Word of the day: Qualitative.
We’re sitting in the middle, sandwiched between the two main places of unrest. A no-man’s land of Poetry Live! And like all good soldiers, we ventured forth into battle, straining to see, to hear through the mists of foggy clouds of noxious gases and crisp packets.
Armed with booklets and anthologies, we ventured forth, pens poised, bayonets sharpened, and eyes on the stage. There was the fear that Gillian Clarke would bore us into submission, sending us reeling back into the rustle of crisp packets, but she held us captivated. I glanced at the students on my left, their faces glued to the stage as if to “that old rope”, coerced quietly into concentration. Brows furrowed as the precise, warming voice filled the room, clouding the rustles behind us. Even references to the Irish Question, 1916, 1998, the IRA were scribbled furiously on our brains.

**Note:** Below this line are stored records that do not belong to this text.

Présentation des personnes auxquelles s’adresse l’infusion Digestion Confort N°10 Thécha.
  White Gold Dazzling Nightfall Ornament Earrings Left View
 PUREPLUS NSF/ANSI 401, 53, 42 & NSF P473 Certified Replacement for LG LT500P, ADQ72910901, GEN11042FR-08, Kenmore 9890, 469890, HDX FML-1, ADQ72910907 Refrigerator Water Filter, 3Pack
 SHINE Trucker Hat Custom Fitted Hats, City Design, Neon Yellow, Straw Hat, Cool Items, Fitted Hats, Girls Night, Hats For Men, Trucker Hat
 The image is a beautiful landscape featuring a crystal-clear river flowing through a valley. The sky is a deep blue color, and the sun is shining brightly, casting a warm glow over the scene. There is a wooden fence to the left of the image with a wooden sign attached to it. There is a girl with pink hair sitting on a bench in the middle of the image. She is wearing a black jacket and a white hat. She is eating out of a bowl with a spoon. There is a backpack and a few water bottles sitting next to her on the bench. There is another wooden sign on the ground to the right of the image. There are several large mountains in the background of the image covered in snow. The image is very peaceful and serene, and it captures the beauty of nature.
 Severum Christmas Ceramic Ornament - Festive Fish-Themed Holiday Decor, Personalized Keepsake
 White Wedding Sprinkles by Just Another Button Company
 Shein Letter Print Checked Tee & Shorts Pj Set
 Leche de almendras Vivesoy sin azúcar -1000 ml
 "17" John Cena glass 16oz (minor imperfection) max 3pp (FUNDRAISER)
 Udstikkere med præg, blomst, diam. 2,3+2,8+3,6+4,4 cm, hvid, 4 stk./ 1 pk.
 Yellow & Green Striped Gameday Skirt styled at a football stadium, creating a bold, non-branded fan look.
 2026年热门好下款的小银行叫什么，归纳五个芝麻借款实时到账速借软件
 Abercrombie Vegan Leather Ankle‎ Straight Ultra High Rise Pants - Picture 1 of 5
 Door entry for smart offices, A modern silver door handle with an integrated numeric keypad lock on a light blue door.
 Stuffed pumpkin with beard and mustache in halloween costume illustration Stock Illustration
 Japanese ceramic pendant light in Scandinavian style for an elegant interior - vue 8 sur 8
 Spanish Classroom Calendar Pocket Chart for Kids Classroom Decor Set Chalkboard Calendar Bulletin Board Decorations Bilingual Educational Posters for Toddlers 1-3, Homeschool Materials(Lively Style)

Intervals left us wanting more, rudely interrupted by the presence of the chief examiner, our students taking their seats readily, eagerly, hungrily. Carol Ann Duffy captivated us further, her down-to-earth gritty realism, reference to reality and precise explanations left us scribbling furiously on pages, arms, legs, minds. An updated Salome entertained students in a way that no classroom reading can ever do, striving to capture what poetry was initially about: the naked spoken word. The spoken work overtook the written in an attempt to flood our senses with the power of language, attempting to erase the ingrained notion that poetry should be read and not heard. Hearing Duffy’s poetry for the first time, many of our students were pleasantly surprised by the humour, irony, straight-forwardness of her poems. Stripped bare of the classroom setting, students were illicitly exposed to poetry the way it should be experienced. Most were untainted by the “death” caused by excessive scrutiny and therefore bathed in the language of the poems without worrying about exams and meaning-making. Just plain, unadulterated naked poetry.
Duffy left amongst cheers and wolf whistles as Simon Armitage ascended. Our students cast sidelong glances, wondering what the cheering was about for this plain-looking, West Yorkshireman, striding purposefully towards the microphone. Amid howling laughter and claps, he recited a warm-up poem about an obscure place practising witchcraft, painting their genitals blue and orange. After this, there was no going back, we were hooked, obsessive fans, drawn to our own “Anchor.” Those who were hearing for the first time, the poet’s stories about his personal life, his poetry, his art, breathed his every breath, waited, mesmerised for a little more. He wowed us for what seemed like five minutes before leaving amidst cheers, catcalls and wolf whistles.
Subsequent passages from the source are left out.